We cooked together. Or rather, he cooked and I watched and asked questions, because his kitchen was his space and I'm a guest and the guest watches. The soup was: beef shank, braised for three hours in a broth of soy sauce, rice wine, tomato paste, star anise, chili bean paste, ginger, and scallions, served over hand-pulled noodles (he made the noodles from scratch — the pulling was mesmerizing, the dough stretching and bouncing in his hands). The result was — I'm going to say this plainly — the best soup I have ever tasted that I did not make myself. The broth was deep and complex, the beef meltingly tender, the noodles chewy and fresh, and the whole thing was made with the confidence of a man who learned this recipe from his mother and has been making it since he was twelve.
I offered my kimchi. James opened the jar and tasted it — not politely, not tentatively, but with the genuine curiosity of a food person encountering another food person's creation. He said, "This is excellent. How long did you ferment it?" I said, "Five weeks." He said, "Five weeks is the sweet spot." He knows. He knows about fermentation time and the sweet spot and the difference between three-week kimchi and five-week kimchi, and the knowing is — I can't believe I'm about to write this — attractive. The knowing is attractive. A man who understands fermentation is attractive to a woman who has spent three years fermenting an identity. The metaphor is too obvious. I don't care. Obvious metaphors are sometimes the truest ones.
We talked for five hours. Five hours, on his couch, after the soup, drinking tea (he makes good tea too — a Taiwanese oolong that his aunt sends from Taipei). We talked about everything: growing up Asian-American, the model minority myth, his parents (first-generation Taiwanese immigrants, his dad an engineer at Apple, his mom a pharmacist), my parents (the whole story — David, Karen, Kevin, the adoption, the Korean cooking, the identity, the Korea trip). James listened the way he listened at the meetup: with his whole face, without interrupting, without trying to fix. When I told him about the birth mother search, he said, "That takes courage." Not "that must be hard." Not "I can't imagine." That takes courage. The sentence of a man who understands that the doing is the brave part, not the feeling.
I drove home at midnight. The jar of kimchi was empty — he'd eaten the whole thing, spooned onto rice, mixed with leftover soup, eaten straight from the jar. A man who eats my kimchi from the jar. A man who makes soup from scratch. A man who knows what five-week fermentation tastes like. I called Sujin at midnight and she said, "How was it?" I said, "He made noodles by hand." She said, "Marry him." I laughed. She wasn't entirely joking. Neither was I.

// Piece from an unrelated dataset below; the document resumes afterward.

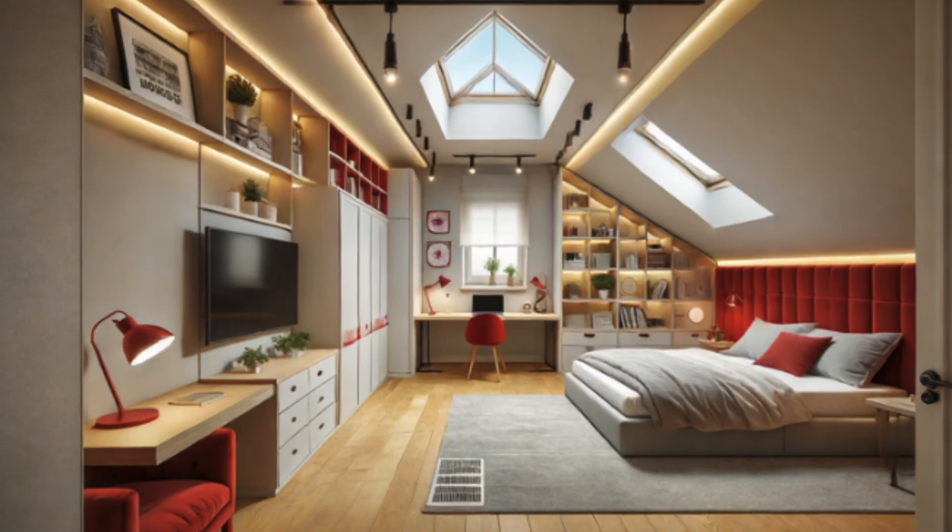I'd like to make some adjustments. I really want it to be a combination space of a home office and a bedroom. And the colors were a little bit too neutral for me. Could you add accents of red and maybe some other complementary neutral color to go along with that? Here's the updated design with red accents and a combination of a home office and bedroom. I hope this matches your vision better. Let me know if there's anything else you'd like to adjust or add.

I’m not going to pretend I can replicate what James made — that soup was three hours of braising and a lifetime of his mother’s instruction, and some things can’t be shortcut. But after that Saturday, I needed a version I could make on a Tuesday night when I was thinking about star anise and hand-pulled noodles and a man who knows what five-week fermentation tastes like. This Asian beef and noodles recipe is the weeknight answer: same soy-forward, deeply savory backbone, same satisfying tangle of noodles, ready without the three-hour commitment. Serve it with whatever kimchi you have fermenting in the back of your fridge — the older the better.
Asian Beef and Noodles
Prep Time: 10 minutes | Cook Time: 25 minutes | Total Time: 35 minutes | Servings: 4
Ingredients
- 1 lb flank steak or sirloin, thinly sliced against the grain
- 8 oz lo mein noodles or wide Asian egg noodles
- 3 tablespoons soy sauce
- 1 tablespoon oyster sauce
- 1 tablespoon hoisin sauce
- 1 teaspoon sesame oil
- 1 teaspoon chili garlic sauce (or to taste)
- 2 teaspoons cornstarch
- 2 tablespoons vegetable oil, divided
- 3 cloves garlic, minced
- 1 teaspoon fresh ginger, minced
- 3 scallions, sliced (white and green parts separated)
- 1 cup beef broth
- 1 teaspoon brown sugar
- Sesame seeds, for garnish
Instructions
- Marinate the beef. In a bowl, combine sliced beef with 1 tablespoon soy sauce and the cornstarch. Toss to coat and let sit for 10 minutes while you prepare the remaining ingredients.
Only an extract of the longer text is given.